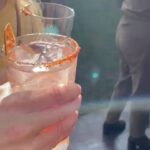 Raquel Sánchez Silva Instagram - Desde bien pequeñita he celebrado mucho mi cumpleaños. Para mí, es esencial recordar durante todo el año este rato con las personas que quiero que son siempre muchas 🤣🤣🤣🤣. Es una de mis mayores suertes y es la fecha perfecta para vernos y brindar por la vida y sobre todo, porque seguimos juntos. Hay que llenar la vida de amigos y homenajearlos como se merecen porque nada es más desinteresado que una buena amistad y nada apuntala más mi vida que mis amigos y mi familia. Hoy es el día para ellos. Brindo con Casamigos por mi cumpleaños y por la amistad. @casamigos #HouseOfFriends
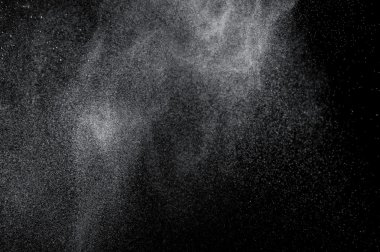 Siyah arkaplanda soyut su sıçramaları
---
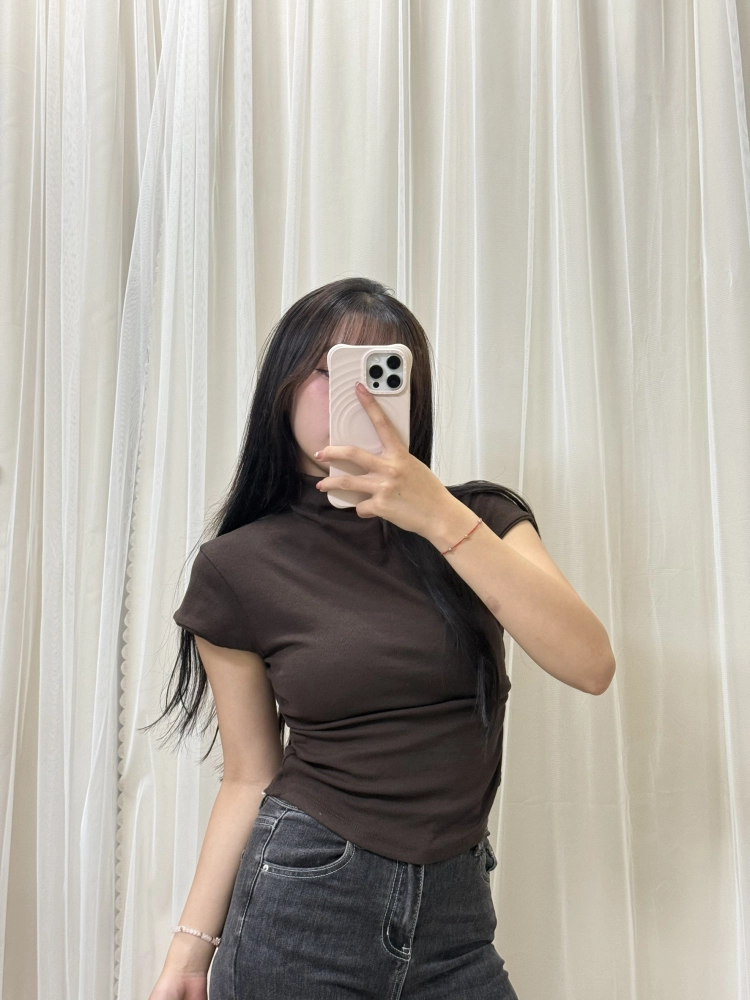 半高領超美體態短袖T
==
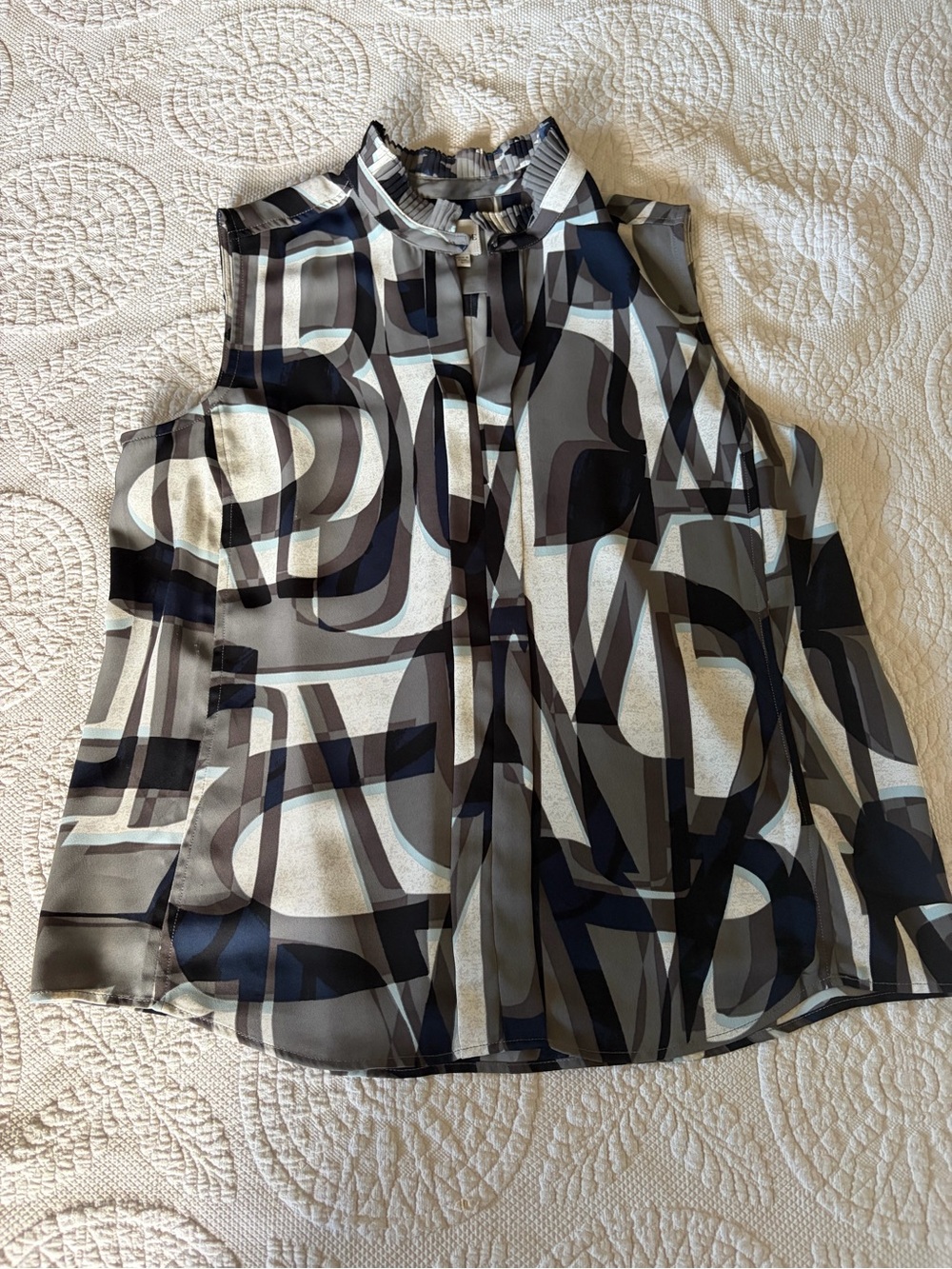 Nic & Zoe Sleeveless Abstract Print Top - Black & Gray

WHAT IS NEEDED ::
Within the listing above, print exactly the stretch beginning at the line that contains "Raquel Sánchez Silva" and finishing at the line that contains "Siyah arkaplanda soyut su sıçramaları", ends kept, pictures left out, and nothing more.

RESULT FOR THIS EXERCISE ::
 Raquel Sánchez Silva Instagram - Desde bien pequeñita he celebrado mucho mi cumpleaños. Para mí, es esencial recordar durante todo el año este rato con las personas que quiero que son siempre muchas 🤣🤣🤣🤣. Es una de mis mayores suertes y es la fecha perfecta para vernos y brindar por la vida y sobre todo, porque seguimos juntos. Hay que llenar la vida de amigos y homenajearlos como se merecen porque nada es más desinteresado que una buena amistad y nada apuntala más mi vida que mis amigos y mi familia. Hoy es el día para ellos. Brindo con Casamigos por mi cumpleaños y por la amistad. @casamigos #HouseOfFriends
 Siyah arkaplanda soyut su sıçramaları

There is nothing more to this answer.